Symposium this Saturday looks at the state of religion in China

The 2008 Olympic Games brought international attention to China’s human rights practices and, at the same time, intensified repression against Tibetan Buddhists, Uyghur Muslims, non-registered churches and Falun Dafa practitioners, say organizers of this Saturday’s Religion and Rights in China symposium. This is at a time when China is experiencing what has been called the greatest religious revival in human history.

The Religion and Rights in China symposium will examine issues of religious control and persecution as well as the contributions of religions as civil society organizations building human rights in China. Academic and activist presentations will be paired in panels on Buddhism, Islam, Christianity and Falun Dafa, and in discussion sessions.

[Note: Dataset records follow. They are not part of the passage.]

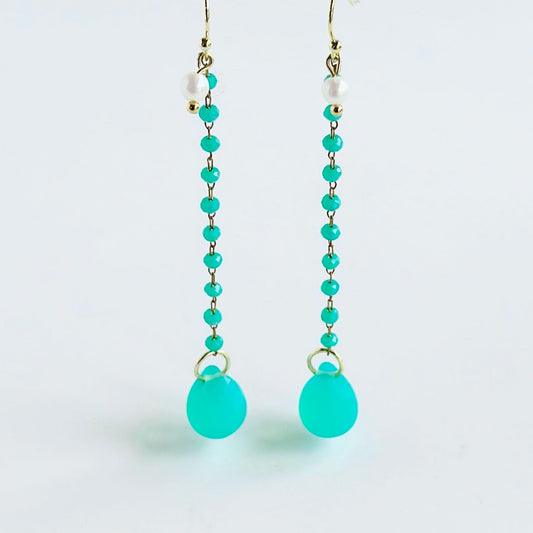 Rosie drop earrings in Aqua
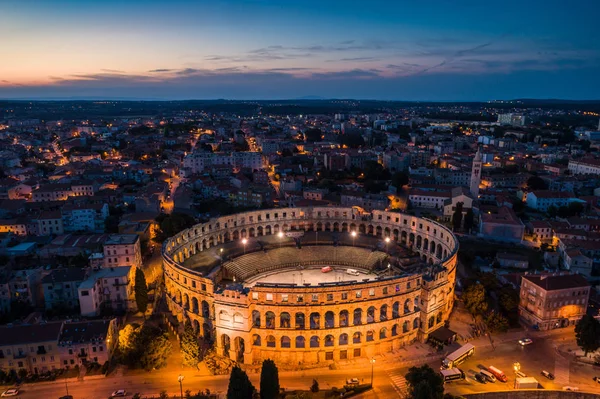 Luchtfoto Van Roman Colosseum Pula Kroatië Nachts — Stockfoto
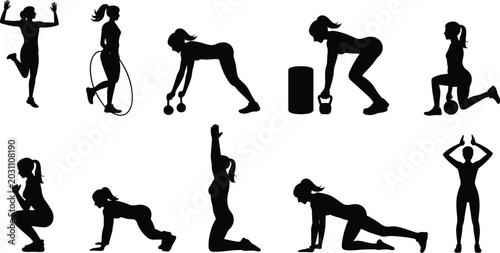 Bild auf Leinwand Fitness women workout set gym exercise training weights crossfit sport positions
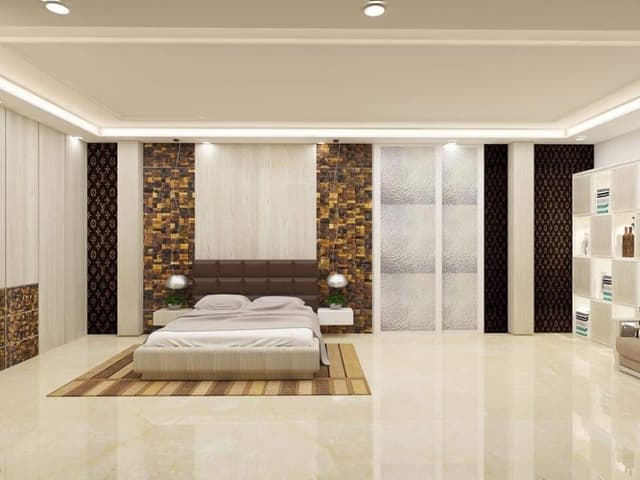 3D-View-of-Master-Bedroom-in-Offwhite-Theme-accommodating-Upholstered-Bed-with-Square-Padded-Headbaord-1 Swiper Content 0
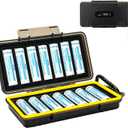 JJC 14 Slots 18650 Battery Case with Carabiner, Water-Resistant and Shockproof Battery Storage for 14 x 18650, 18650 Organizer Box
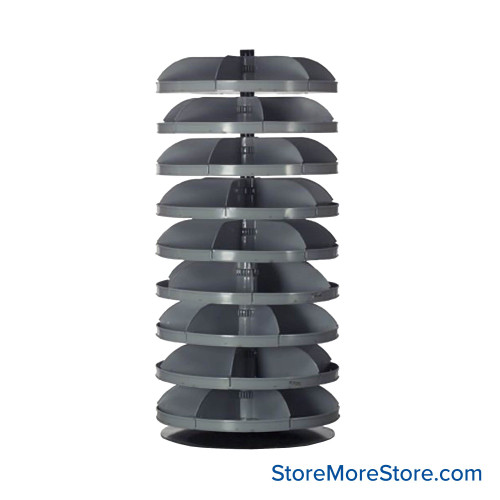 Rotating Hardware Bin, 28" W x 28" D x 59" H, 9 Revolving Shelves, 7 Compartments Per Shelf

Pitman Potter (right), a law professor at the University of British Columbia, will deliver the keynote speech by video. He will examine China’s law and policy on religious freedoms in the context of international human rights standards and also in reference to the National Human Rights Action Plan as well as the dissident document known as Charter 08.

“Regulation of religion by the party/state in China can usefully be viewed in the context of changing development conditions and challenges for regime legitimacy. Following the tragedy of the Tiananmen massacre of 1989, the party/state has attempted to build political legitimacy based on a development bargain that promises material well being in exchange for political subservience,” says Potter. “As part of this process, the regime has offered limited religious freedoms and applied requirements of legal and regulatory process to the mechanisms for controlling religious behaviour.”

China’s rulers, however, still face the challenge of maintaining legitimacy for their policies of control – particularly as ever wider segments of society come to be left out from the material prosperity promised through market development policies.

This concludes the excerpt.